StructCleansing
This is a flexible pipeline for filtering out unwanted compounds in a chemical structure database. The current version is designed specifically for ChEMBL dataset but the code base is flexible enough to be quickly adapted to work on other types of database. And the filtering rules and procedures can be adapted to suit individual need.
Basic usage
python ChemFilter.py [input file path] -o [output file path]
Filtering procedure
Filtering out unwanted compounds is achieved by the following steps:
-
Remove salt and solvent:
The salt ion and solvent molecules will be removed from the compound and the remaining fragment in the case of salt will be neutralized. This procedure may also create duplicate compounds since some of the remaining fragment is separately recorded in ChEMBL dataset.
-
Remove mixtures and isotope-containing compounds
-
Rule based filtering: The default rule set contains a set of molecular decriptor (such as molecular weight, number of rotatable bonds, etc.) based rules, and a SMARTS pattern based rule set that was carefully engineered to filter out compounds that are likely too difficult to synthesize in practical condition or unlikely to have drug activity.
Options
-
[mandatory] input file path
The input file path has to be passed in. It should be a ChEMBL database file containing SMILES strings.
-
-o
--output_file: output file location. This should include the file extension such as .csv.
-
-c
--combined_result: output file will contain the combined results including both the filtered out compounds (these will be marked as False in the "result" column) and kept compounds.
-
-cl
-smarts_collection: file location of the collection of SMARTS patterns. This is a CSV file containing the collection of SMARTS patterns the filtering code will choose from. The default collection file has been carefully engineered, but it can be modified or new file can be specified using this option.
-
-f
--filter_rule: file location of the filter rules. This is a JSON file containing all the rules for filtering out unwanted compounds.
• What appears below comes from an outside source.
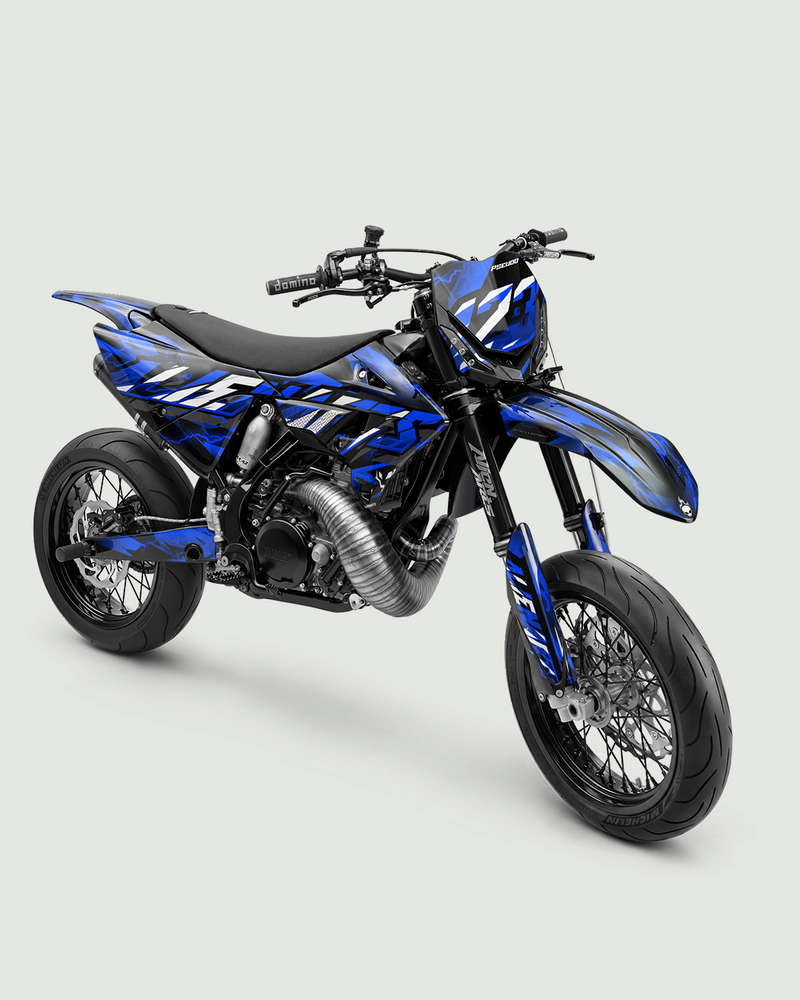 KINETIC - Kit Déco Supermotard Semi-Personnalisable - Bleu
The rules can be descriptor-based (the rule name corresponds to the RDKit function name), raw SMARTS pattern string (such rule name has to begin with "SMARTS_"), or entire rule set (such rule name has to begin with "Rule_set_" and the rest of the rule name corresponds to rule set name in the collection of SMARTS pattern specified by option -cl).
-
-ncpu
--num_cpu: number of cpu cores to use, -1 means use all available cores.